I feel insulted when my offers of crystal clear and thoroughly processed water are declined.
"But on steep descending...Larson TT have bad effect on the mind of a rider" - MadRider from Suji, Korea 2001.
"Paved roads ... another fine example of wasteful government spending." - a bumper sticker.
Two sightings yesterday, on Tasman highway, heading toward Hobart.
First, French man, lives in US, came to Australia, hired car, toured Qld, NSW, and Vic. Bought a single speed bike and headed out from Devonport. He has zig zagged around the North East of Tasmania, with trips to Lake Leake and Wine Glass Bay mentioned. Previous cycling experience was a regular short ride to work in the US. He has a large red bag balanced on the handlebars, gym boots, and flat pedals. He had a sore left leg a few days ago, so adapted to "more pedalling " with the right leg. Now he has a sore right leg. I chatted with him just south of Buckland, walking up a hill. He enquired about the flatest way to Hobart, and had already heard of the route through Sorell, thus avoiding Grasstree Hill on the alternative Richmond route. He plans to go from Hobart to the west coast; I certainly hope he is prepared for more walking.
Second sighting. On Finger Post road heading into Richmond. A couple on a tandem, towing a two wheel trailer, with a dog cage containing Tiffany, a smallish Terrier type dog. They left Mt Gambier on 7/12/11, travelled the Great Ocean Rd in Victoria to Melbourne, Spirit of Tasmania over Bass Strait, Devonport, Launceston, down the east Coast to Richmond.

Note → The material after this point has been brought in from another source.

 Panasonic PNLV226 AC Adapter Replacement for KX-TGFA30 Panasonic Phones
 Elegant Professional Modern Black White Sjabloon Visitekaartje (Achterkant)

Saw them again at the Richmond Bakery; obviously been well advised about eating places. I know stuff all about touring, however I had the firm impression that they were on top of the game. (and, could they hammer down hills!)
I do hope all goes well for the French man.

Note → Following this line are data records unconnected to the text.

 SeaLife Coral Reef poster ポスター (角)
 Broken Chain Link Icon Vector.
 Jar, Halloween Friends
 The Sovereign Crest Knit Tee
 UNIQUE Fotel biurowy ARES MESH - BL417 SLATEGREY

Thanks for the reminder about this thread.
I spotted a couple riding along Curtin Avenue, Cottesloe the other day. They where not loaded up but by the looks of the bikes (seriously setup touring bikes) I would say they where tourers. Unfortunately I was driving the other way so didn't get a chance to chat.
Armando was on page 17 of Hobart Mercury on Thursday 29/12/11. I saw him on Friday, heading out along the East Derwent Highway, presumably for Grasstree Hill and Richmond. Unable to speak due to divided road. I have tried to post the newspaper item, however I get a message saying it is too big
Thanks master6, coincidentally I was planning my own Tassie odyssey as it too hot to be outside today (40degrees in Melbourne at 6:30pm). I half expect him to lob on my doorstep within the next few days given the speed at which he travels. He's quite the media savvy rider and often has cuttings he shows me from newspaper articles featuring him as he passes through.

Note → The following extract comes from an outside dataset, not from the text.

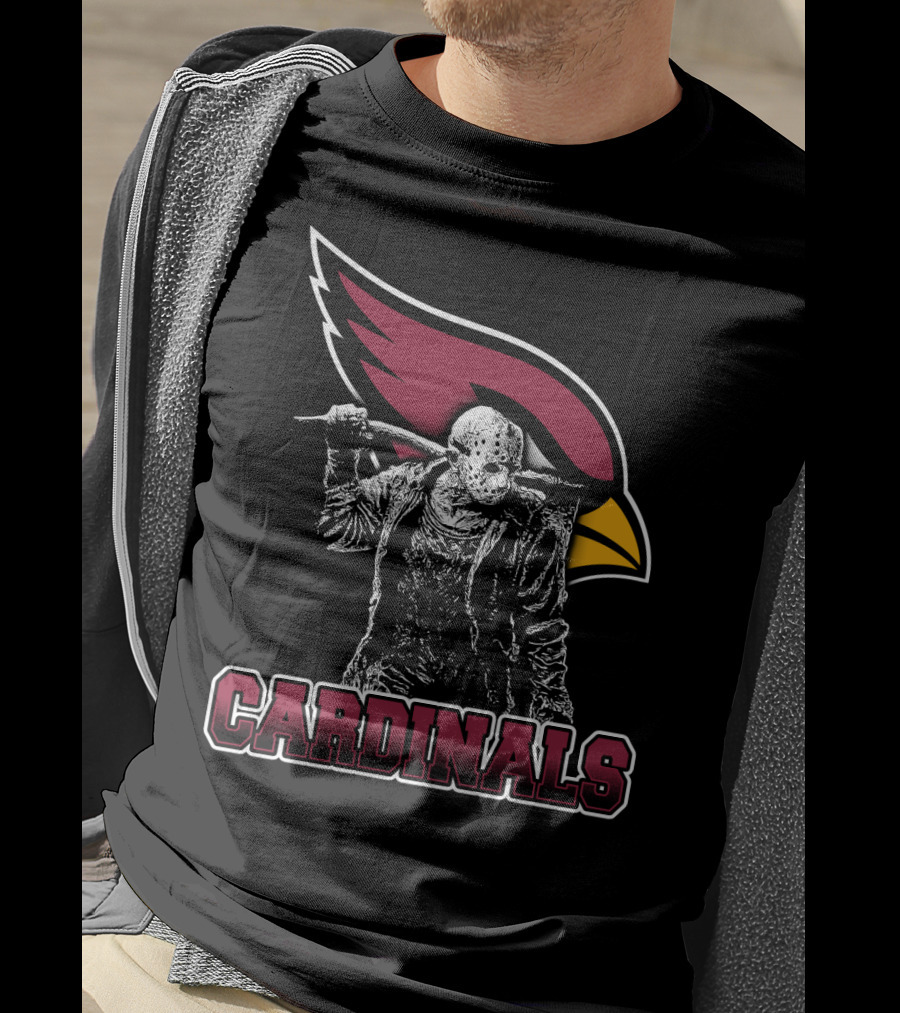 Jason Voorhees Cardinals Fans Arizona T-Shirt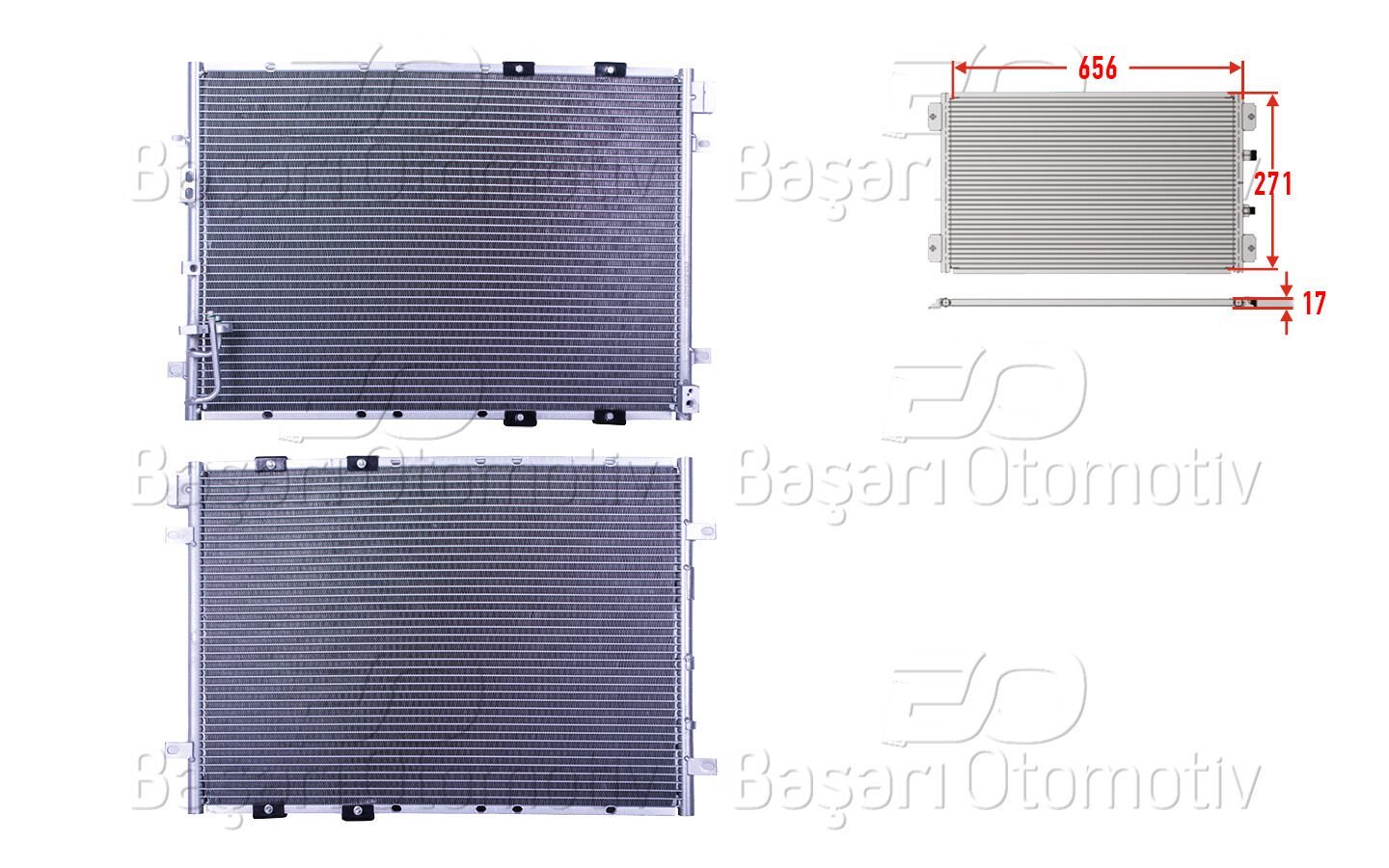 Kia Sorento 2002-2006 Uyumlu Klima Radyatörü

I mistimed my attempt to intercept il padrone and his 14 mates who were due to ride out of Richmond (Tas) for Triabunna this morning, however all was not lost in my "meet the cycle tourist" endeavour.
As I headed up the Tasman highway, I spied a New Zealand couple on the lower end of Bust Me Gall Hill. Man was resting under a tree, off the road, so I rode up to lady and had a brief chat. It is always interesting to discover a little about our visitors, and I suggested that they might like to stop at the Tasmanian Bushland Gardens, a few km before Buckland.
A group of about a dozen, from Shell Harbour in NSW, found pedaling up Grasstree Hill toward Hobart this morning. They have done Launceston, Campbelltown, Swansea, down the east coast, and finishing in Hobart. The seemed impressed with Tasmanian weather. Nice to have had a brief chat with a couple of them.